XML for module descriptor
David Bosschaert
david.bosschaert at gmail.com
Mon Mar 26 17:21:59 PDT 2012
Hi Jaroslav,
On 26 March 2012 16:51, Jaroslav Tulach <jaroslav.tulach at oracle.com> wrote:
>>## 23. 3. 2012 08:07:16 ##<
>> Hi David,
>>
>> On 3/23/12 12:42 PM, David Bosschaert wrote:
>> > Just FYI I started modifying OpenJDK/Jigsaw in the context of the
>> > Penrose project to see if something like module-info.xml instead of
>> > module-info.class/.java would work. From the prototype that I made it
>> > seems to make a lot of sense. See here:
>> > http://mail.openjdk.java.net/pipermail/penrose-dev/2012-March/000023.html
>
> I cannot speak for the Jigsaw team, but (while my organization also needs
> concurrently extensible module-info[1]) there may be a reason why not use XML
> instead of module-info.class[2].
>
> It is my understanding that one goal of Jigsaw is to make core Java really
> small and allow it to execute on very limited devices. The core needs to
> understand module-info. Right now the core contains ~3000 classes. If you
> bring full XML parsing infrastructure in, then you increase the size by ~4000
> new classes (that was my observation when I worked on splitting JDK last
> time[3]).
You certainly don't need a full blown XML parser. I think a restricted
one is fine. In my prototype I modified the (ASL2-licensed) Apache
Piccolo project to get things to work. I didn't optimize at all.
Piccolo.jar is about 160KB and around 50 classes in its original form
but that includes all the SAX and JAXP interfaces that go with it.
> You could argue, that XML need not be fully featured one, but some simplified
> variant.
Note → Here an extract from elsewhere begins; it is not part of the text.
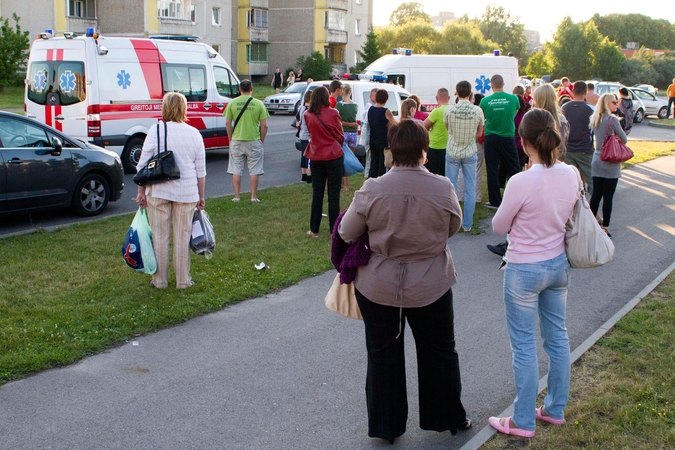 Vilniuje prie daugiabučio namo rasta mirusi moteris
Something that can be parsed by 30KB parser and not bloated Xerces.
> But that is not much different from using binary module-info.class[4].
Right, I have seen XML parsers implemented in jars < 15Kb so if we
decide to go this route a dedicated parser could be implemented in
such a small footprint.
I think it would be *very* different from parsing the module-info.class because
* XML can be authored by a myriad of existing tools out there
* XML can be read by humans
* XML provides a well-defined extensibility model (using custom name-spaces)
* XML can be parsed easily by other module systems (as they most
likely have an XML parser at their disposal)
* XML can be parsed easily by other tools that wish to operate on
module information
On the other hand, I'm not married on XML - another textual format
might also do the job. I'm open to ideas here.